Wednesday, January 20, 2010

Finding Value in the Journey

“Just because something doesn’t do what you planned it to do doesn’t mean it’s useless.” ~ Thomas Edison

Over the past week, I've had a series of thought-provoking conversations that, upon reflection, boil down to the idea of journey vs. destination.

When we are caught up in life, and have expectations of what we think that should be or look like, we are often frustrated by the process. What we forget is that life truly is about the journey.

When we look at our lives, we are so judgmental. Especially to ourselves. Seeing our choices as bad, or mistakes, views them through a dark lens that is designed to make us feel small and demoralized. What if we could take all of our so-called mistakes and learn to view them as opportunities to learn?

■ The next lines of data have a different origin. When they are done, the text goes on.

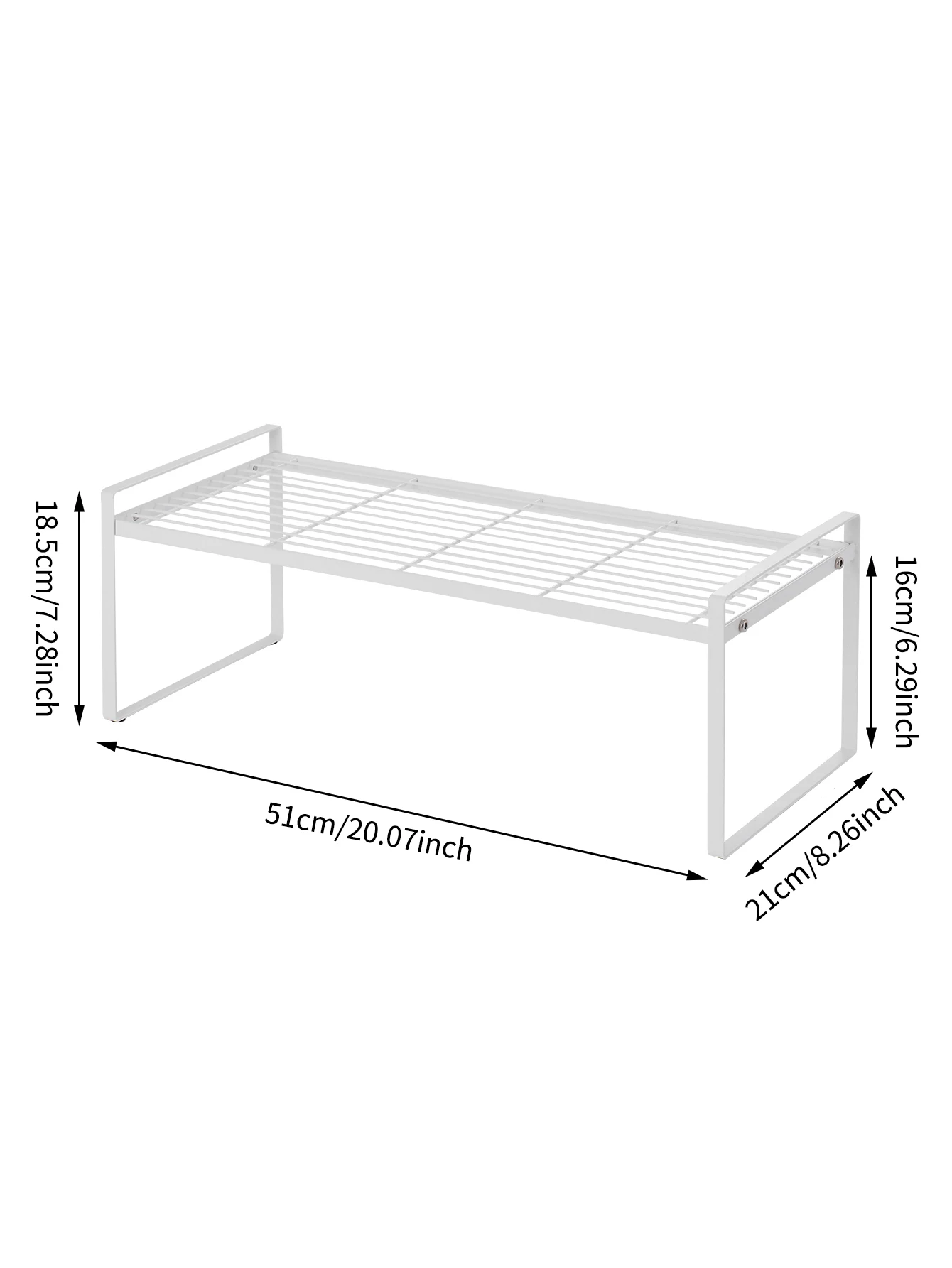 White Metal Over The Sink Shelf with Modern Design,  Display Stand Organizer for Kitchen Accessories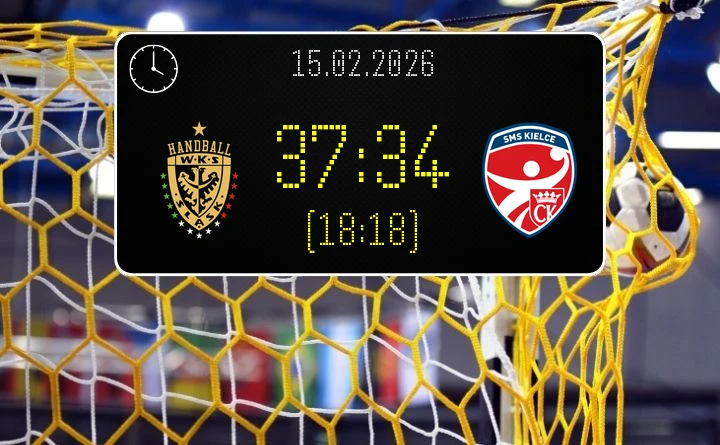 [PIŁKA RĘCZNA] WKS Śląsk Wrocław – SMS ZPRP Kielce 37:34 w Lidze Centralnej, kolejka 16
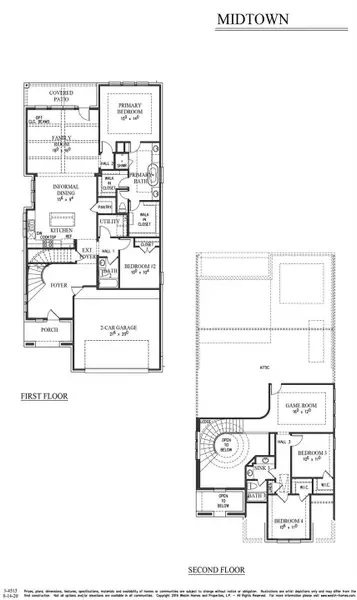 2D floor plan layout of this home in The Trails - 45', New Caney, TX (Image 3). 2D floor plan layout of this home in The Trails - 45', New Caney, TX (Image 3).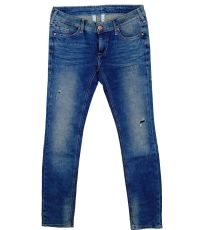 Dámske džínsy Jeans Mustang tmavo modrá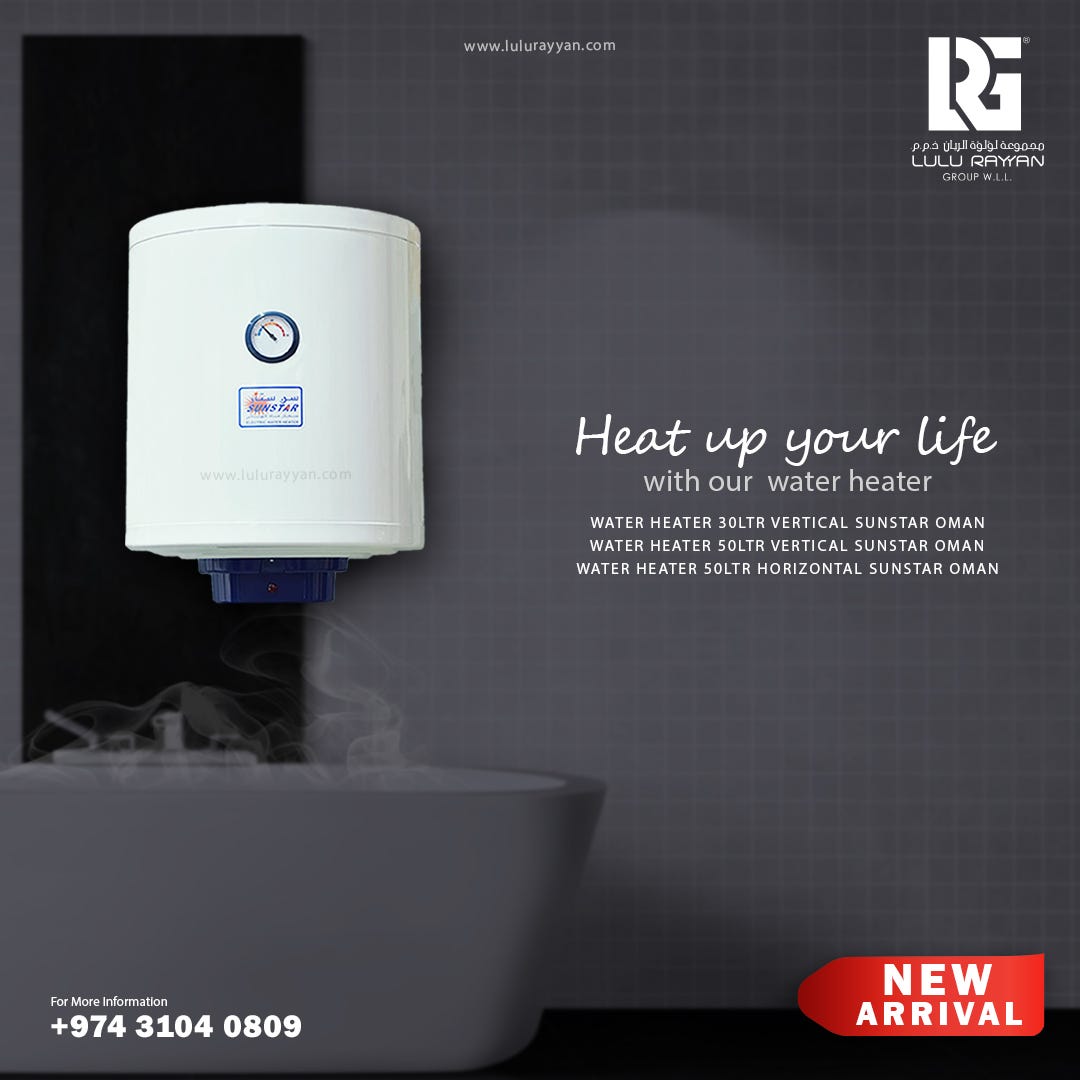 Water Heater Qatar SUNSTAR Heat Master Solution by LULU RAYYAN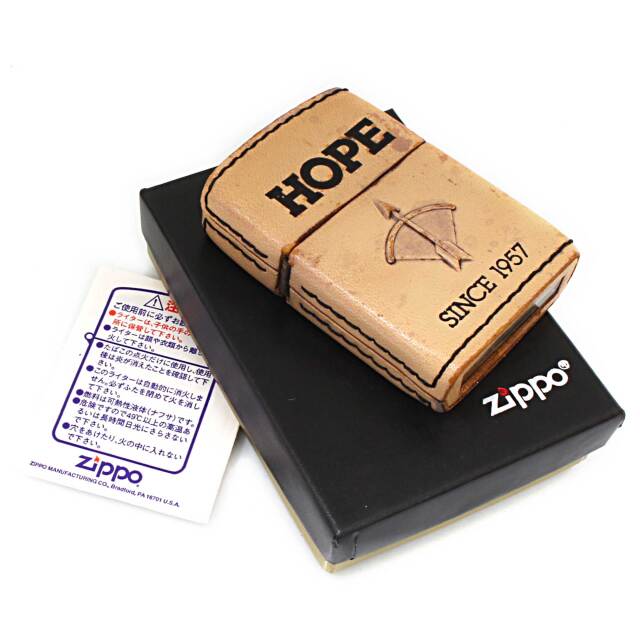 希少　HOPE ホープ　zippo 革　レザー zippo HOPEホープ 革巻き レザー 非売品 懸賞品 - メルカリ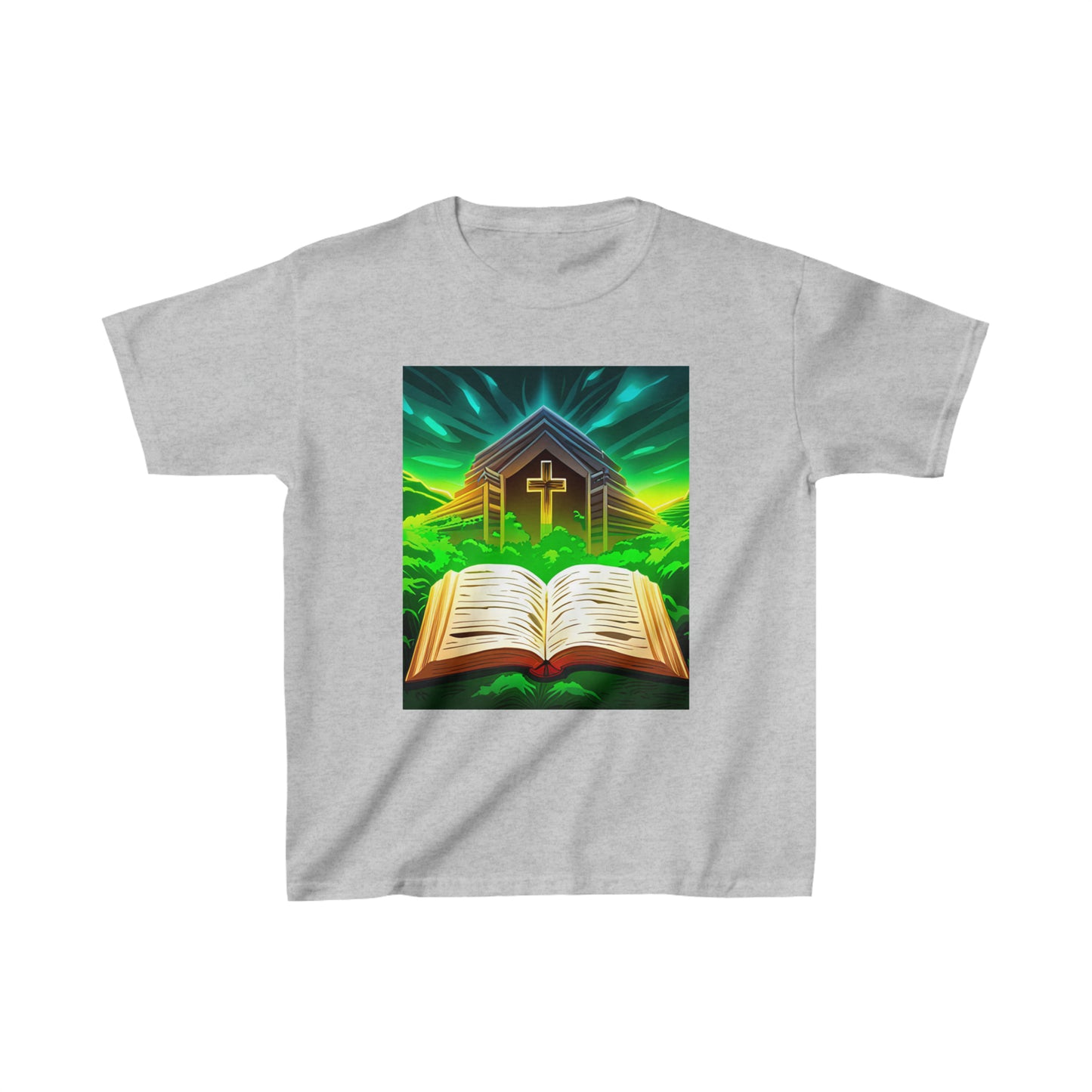 Faithfulz Reflections Bible and Cross Kids Heavy Tee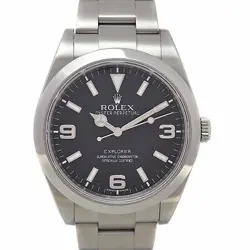 USED ROLEX EXPLORER 1 214270 BLACK CASE: 39MM MEN'S WATCH #1113212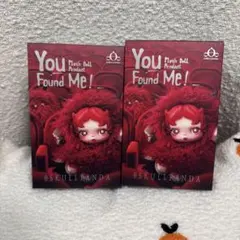 SKULLPANDA You Found Me! ぬいぐるみペンダント 2個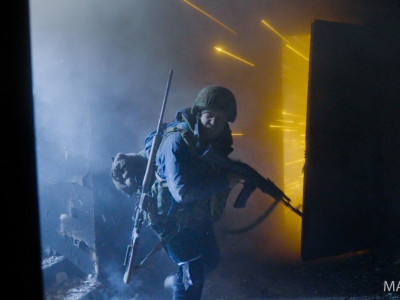 러시아 종군기자가 촬영한 마리우폴 시가전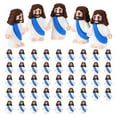 thumbnail image 6 of 12/48Pcs Mini Jesus Figurine PVC Savior Jesus Figure Model Statue Sculpture Desktop Decoration Easter Ornament Christmas Festival Gift-12pcs,Red, 6 of 8
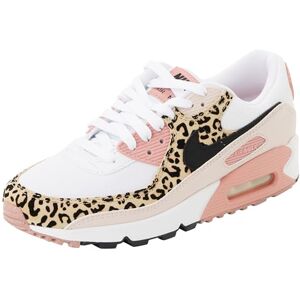 Nike Women's WMNS AIR MAX 90 Sneaker, White Black Silt Red Rust Pink, 2.5 UK Nike Women's WMNS AIR MAX 90 Sneaker, White Black Silt Red Rust Pink, 2.5 UK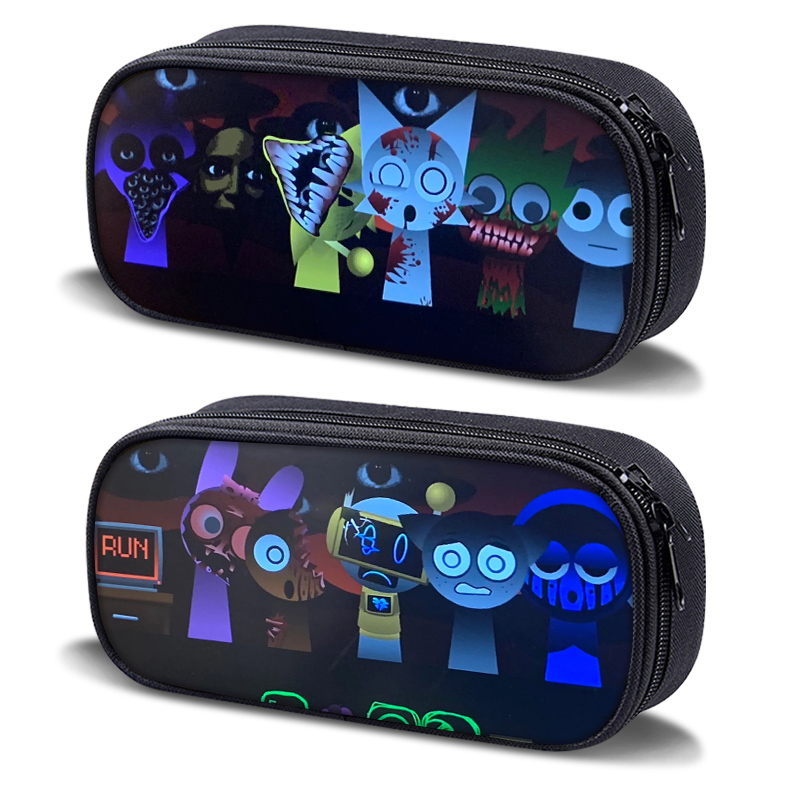 恐怖版节奏盒子sprunki笔袋创意文具盒高颜值铅笔盒文具袋铅笔袋小学生初中生收纳整理大容量多功能耐脏笔盒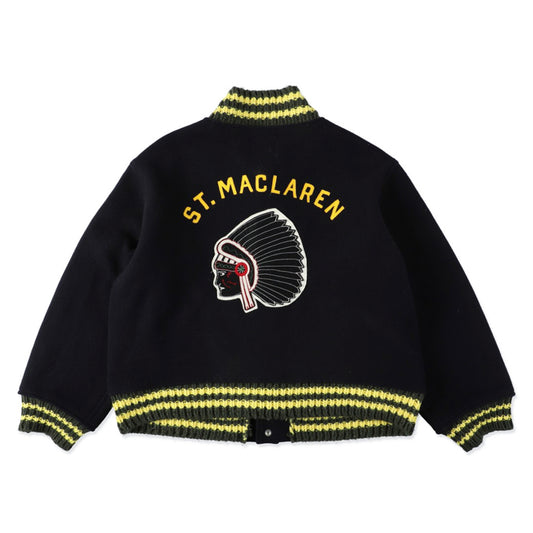 ST. MACLAREN UNIV. VARSITY JACKET AGED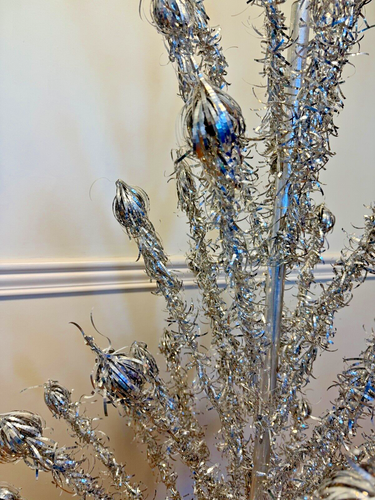 Vintage CRAFT HOUSE 6-1/2 FOOT ALUMINUM Christmas Tree - POM POM - 43 branches - Picture 8 of 24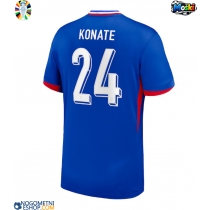 Moški Nogometni dresi Francija Ibrahima Konate #24 Domači EP 2024 Kratek Rokav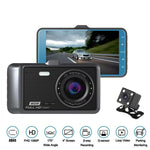 Anytek A60 Auto Schermo IPS da 4 pollici HD 1080P Registratore di guida ADAS con doppia fotocamera grandangolare da 170 gradi, A60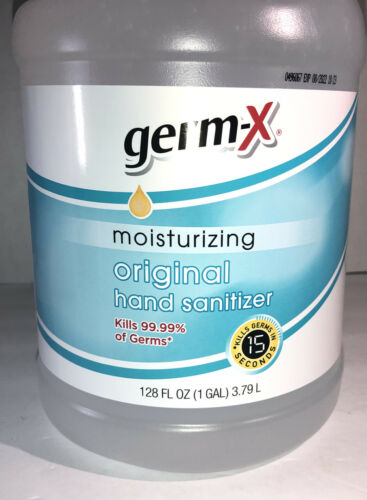 SHIP SAME BUS DAY Germ-X Original No-Water Moisturizing Hand Sanitizer 1ea 128oz - Fresh Stock Dated February 2026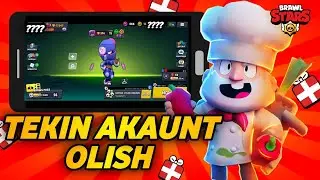 BRAWL STARS AKAUND TEKINGA OLISH UZBEKCHA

I am especially aware of this as I watch a friend from childhood endure a series of painful break-ups, as he gives and gives and gives to one woman after another, and they pull out his heart, toss it to the ground and step on it with their stiletto heels. (Just a good visual image, not particular commentary on the type of woman I'm describing.)

And so, finally, I ask him of the last relationship, "Why do you put up with her treating you badly?"

"Because I love her. I love her unconditionally."

"Fine. Love her. Wish her the best as she heals. But don't stand in the road and wait for her to run you over as she self-destructs."

"So you think I'm weak?"

"Only you can answer that. What is weakness and what is strength can sometimes only be self-defined. But if you're fighting all the time, then the relationship isn't working. There comes a time when you need to draw a line in the sand that says, 'I love you, I will always love you, and I will do anything to make you happy, just so long as your happiness does not come at the expense of my own, or of my integrity.' And understand that if the relationship doesn't work out, it's because the two of you don't work well together, and you take responsibility for the parts that you contribute to its not working, and be honest with yourself about what she contributes. Without blame."

"You mean, I deserve more from her?"

"Well, yes. But you also deserve more from yourself. And you deserve to love yourself enough to walk away from something that's not working, because you know it's not working. You're not going to respect yourself in this relationship, and neither is she."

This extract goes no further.